On Thursday, Spanish league president Javier Tebas held a news conference claiming that the league has been acting alone against racism, and that it could end it in six months if granted more power by the government.
At the same time in Rio, representatives of more than 150 activist groups and nonprofits delivered a letter to Spain’s consulate, demanding an investigation into the league and its president. They organized a protest that evening.
“Vinicius has been a warrior, he’s being a warrior, for enduring this since he arrived in Spain and always taking a stand,” activist Valda Neves said. “This time, he’s not alone.”
On Saturday, players from Vinicius’ former club, Flamengo, took the field at the Maracana Stadium before a Brazilian championship match against Cruzeiro wearing jerseys bearing the player’s name and sat on the pitch before kick off in an anti-racism protest.
In the stands, thousands of supporters made a tifo that read “everyone with Vini Jr.”
The first Black Brazilian players to sign for European clubs in the 1960s met some racism in the largely white society, but rarely spoke out. At the time when Brazil still considered itself a “racial democracy,” and did not take on the racism that many faced.
In the late 1980s, the federal government made racial discrimination a crime and created a foundation to promote Afro-Brazilian culture. At the time, many Brazilian players who might identify as Black today did not recognize themselves as such. Incidents of racism in Europe prompted little blowback in Brazil.
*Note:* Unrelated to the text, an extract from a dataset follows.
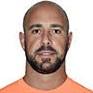 PEPE REINA
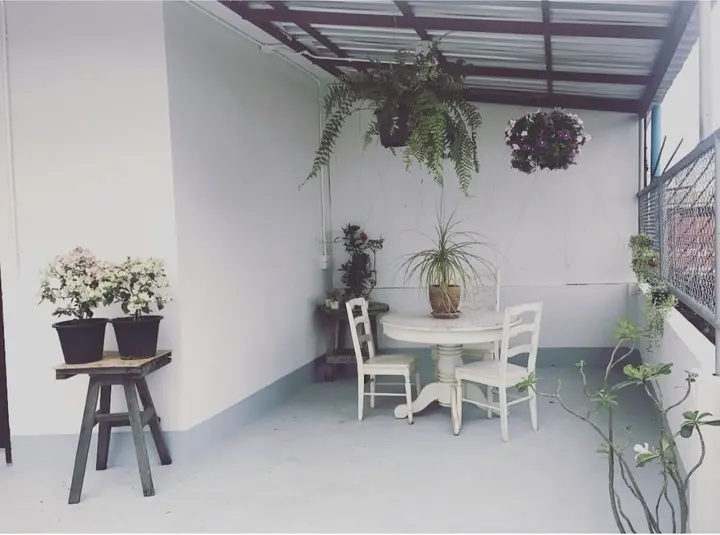 Чиангмай: Chang Moi Guest House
In the decades since, Brazil’s Black activists have gained prominence and promoted awareness of structural racism. The federal government instituted policies aimed at addressing it, including affirmative-action admissions for public universities and jobs. There has been heightened consciousness throughout society.
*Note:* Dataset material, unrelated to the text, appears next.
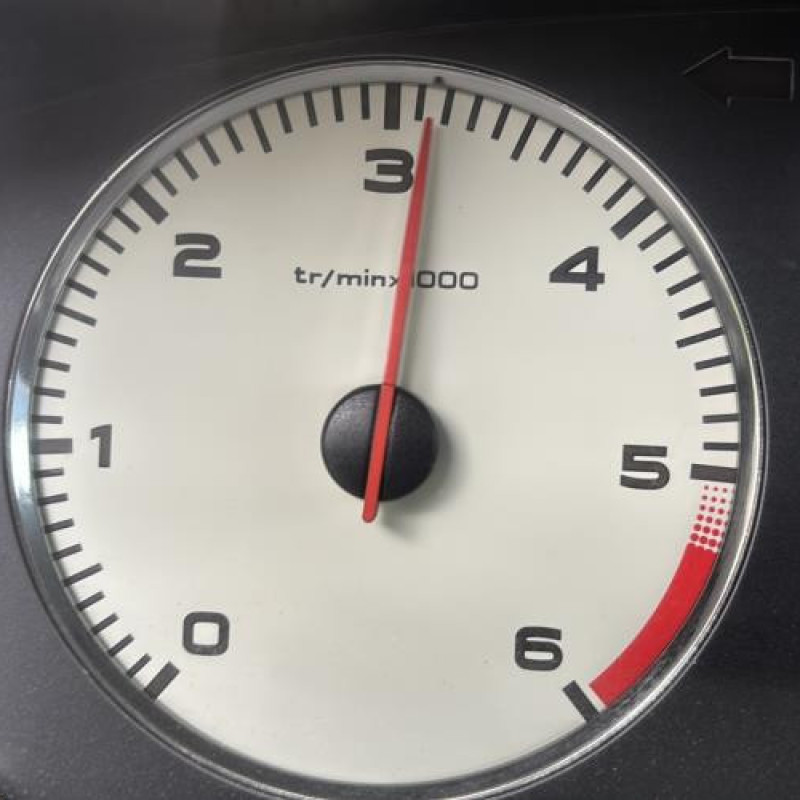 Verin de coffre PEUGEOT 406 Photo n°5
In 2014, a fan hurled a banana at defender Dani Alves during a Spanish league match; he picked it up and ate it in a show of defiance, triggering a coordinated social media campaign with other Brazilian players, including star forward Neymar, who did the same.
Vinicius’ own educational nonprofit this week launched a program to train public school teachers to raise awareness about racism and instruct kids in fighting discrimination. A teacher at a Sao Goncalo school that will host the project, Mariana Alves, hopes it will provide kids much-needed support and preparation. She spoke in a classroom with soccer-ball beanbag chairs strewn about, and enormous photos of Vinicius on the walls.
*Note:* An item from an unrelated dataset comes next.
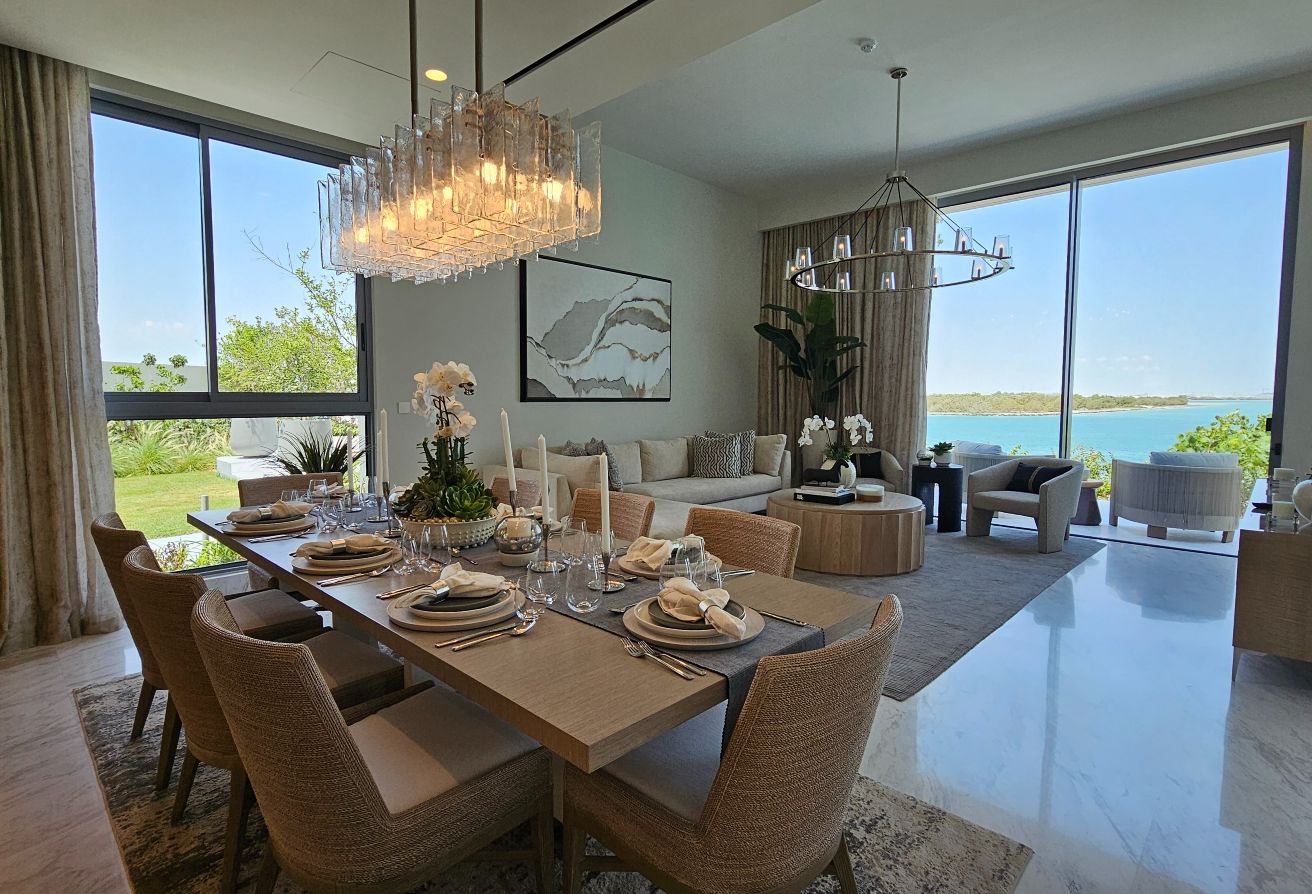 Open Sea View | Sky Villa | Private Pool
Most of the school’s students are Black or biracial, and many have experienced racism, Alves said in an interview. This week, her 10-year-old students have been asking if she saw what happened to Vinicius because they don’t fully understand.
“He has money, he has all this status, and not even that stopped him from going through this situation of racism,” said Alves, who is Black and from Sao Goncalo. “So the students wonder ... ‘Will I go through that, too? Is that going to happen to me?’”
As a boy, Vinicius started training at a nearby feeder school for Flamengo, Brazil’s most popular club, before signing with its youth team.
Sao Goncalo kids there were a blur Wednesday afternoon as they ran non-stop drills, leaving them without time or breath to discuss their idol’s troubles on another continent.
Still, they knew.
One of them, Ryan Gonçalves Negri, said he has talked about it with his friends outside the soccer school, and that Vinicius should transfer out of the Spanish league “urgently.”
“I would never want to play there,” Negri, 13, said. “It’s not for Brazilians who know how to score goals and celebrate.”
While the kids practiced, the rapper Oliveira and his producer Éverton Ramos, known as DJ Cabide, stepped onto the turf and made their way to the corner. They set up a speaker beneath a banner of Vinicius as a brash teenager with his tongue extended, then started recording a clip for their protest song’s music video.
“I’m no one, but my voice can reach where I can’t go, where I can’t imagine going,” Oliveira said. “My voice will get there, you understand?”